Detalhe importante apontado pelo veículo: a fatia dos jornais no bolo publicitário passou a ser de 17,25%, acima dos 16,3% em dezembro e dos 16,7% em junho de 2007. Zero Hora diz, ainda, que “os dados do Meio & Mensagem confirmam um processo de recuperação dos jornais, que começou no ano passado, quando o setor voltou a ampliar a fatia no bolo publicitário nacional”. As boas notícias para o meio empresarial não param aí. “Além do faturamento com anúncios em alta, o bom momento do setor revela-se também nos números de circulação”, propaga a matéria de ZH.
Dados do Instituto Verificador de Circulação – IVC – mostram que, no primeiro semestre, a média diária dos 103 jornais filiados – incluindo o jornal da RBS e a maioria dos diários gaúchos – cresceu 8,1% ante a média de igual período em 2007. No ano passado, ainda de acordo com o IVC, o jornal Zero Hora ocupava o sétimo lugar em circulação paga no Brasil, enquanto o Diário Gaúcho aparecia em oitavo e o Correio do Povo
Portanto, se as fatias do bolo cresceram para o lado empresarial, é justo que elas sejam divididas com os empregados que produzem os jornais diariamente. O discurso da mesa de negociação serve apenas para que os salários fiquem estacionados, enquanto as receitas evoluem de forma acelerada. Repor apenas a inflação não repassa os altos lucros do setor. Tampouco serve de consolo a oferta de 1% de aumento real para o piso da Capital e de 2% para o Interior. Ou, então, comprova-se que o investimento em mão-de-obra é pequeno na comparação com outros custos de uma empresa jornalística. Está na hora de aumentar esta fatia!

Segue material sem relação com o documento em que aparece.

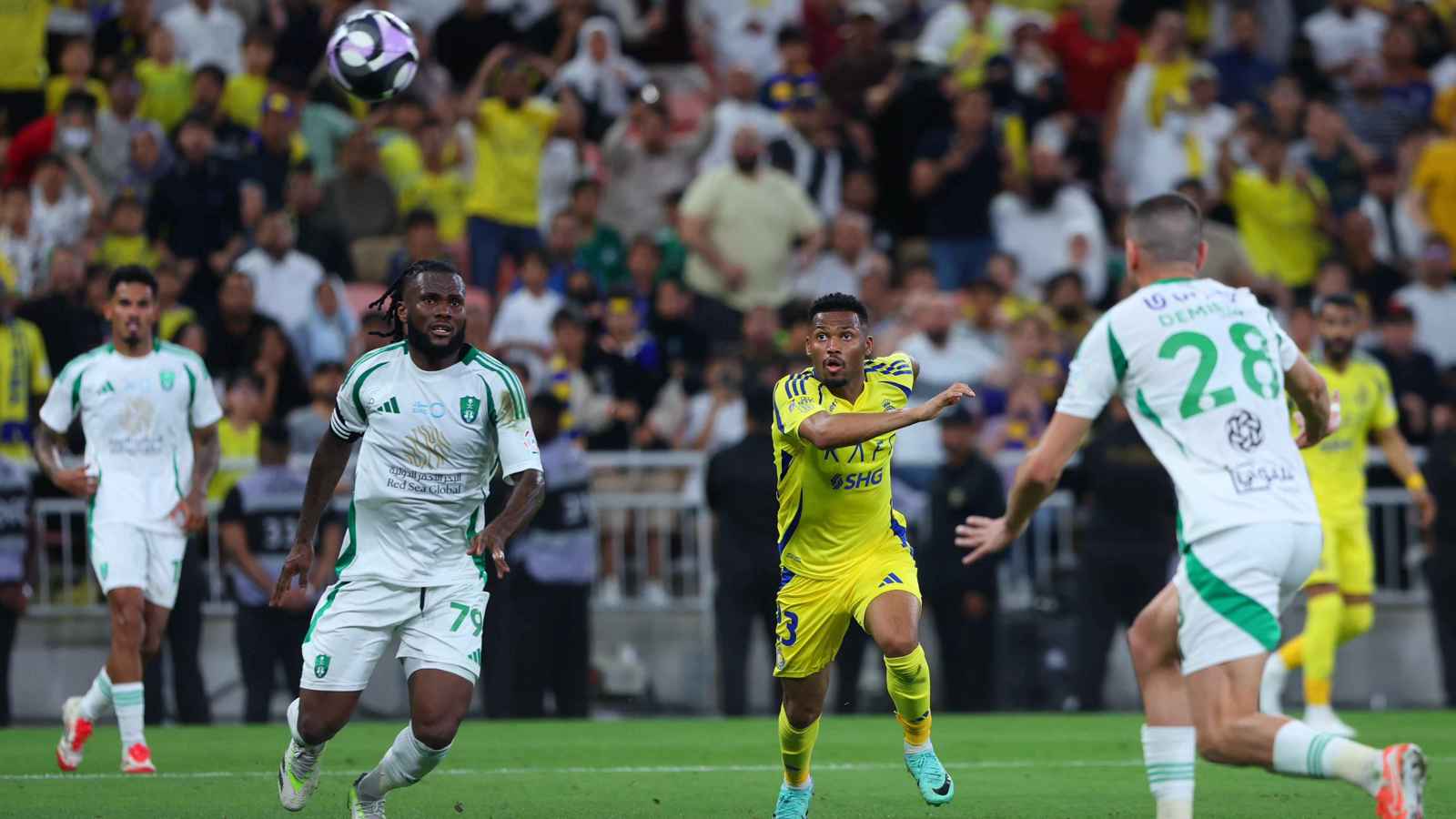 لقطة خيالية في المقصورة.. احتفال ماجد الجمعان بهدف أيمن يحيى (فيديو)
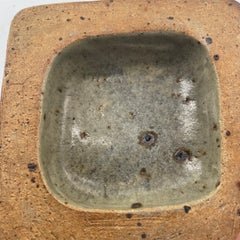 Plat carré à glaçure salée du 20e siècle, moucheté et organique, de couleur fauve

Diante de tanta fartura pelo lado empresarial, a categoria está convocada a se mobilizar e lutar por um aumento efetivamente real de salário. Os profissionais precisam recuperar seus ganhos, defasados nos últimos anos em função das constantes disparidades entre receitas e salários. A data-base dos jornalistas é 1º de junho e já estamos próximos de setembro, sem que haja qualquer evolução econômica.